## Task to complete
Take the line containing "Sea Duck - Lowcountry" through the last line of the data and retype those lines exactly. Pictures do not belong in the copy.

Brief descriptive captions:

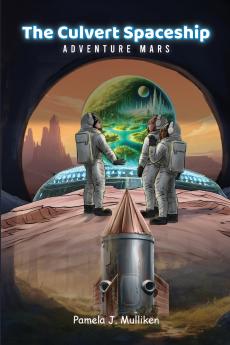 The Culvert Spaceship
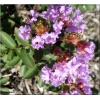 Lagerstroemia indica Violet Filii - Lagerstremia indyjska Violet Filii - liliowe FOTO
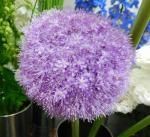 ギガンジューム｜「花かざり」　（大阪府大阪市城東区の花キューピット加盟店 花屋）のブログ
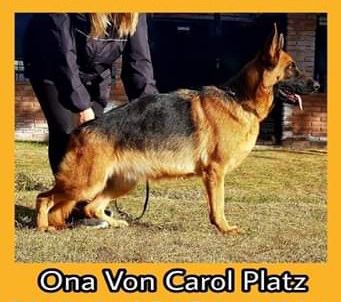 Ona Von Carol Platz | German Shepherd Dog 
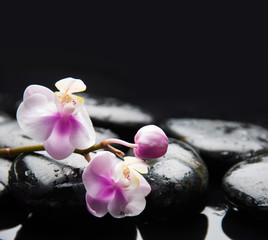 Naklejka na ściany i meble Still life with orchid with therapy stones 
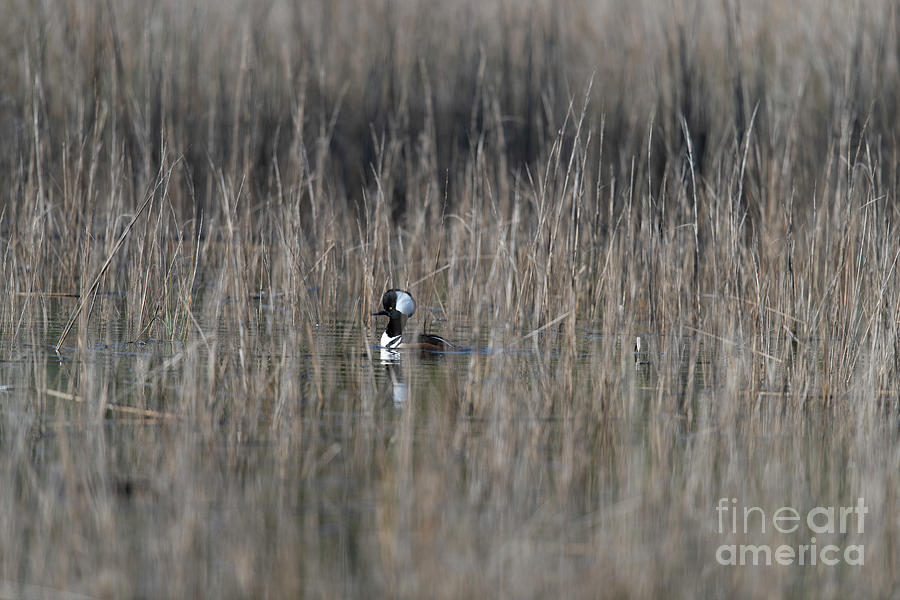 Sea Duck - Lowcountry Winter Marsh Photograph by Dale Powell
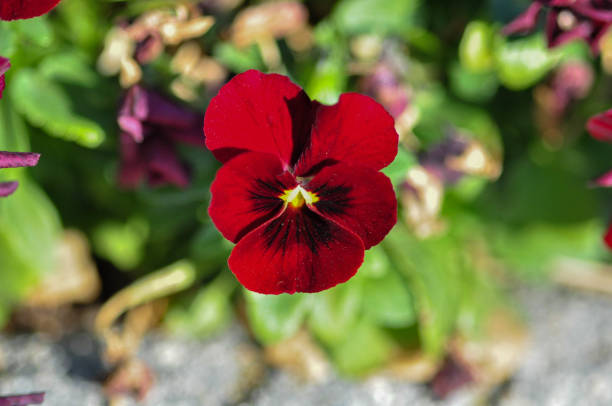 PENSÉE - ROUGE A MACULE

## Solution for this exercise
 Sea Duck - Lowcountry Winter Marsh Photograph by Dale Powell
 PENSÉE - ROUGE A MACULE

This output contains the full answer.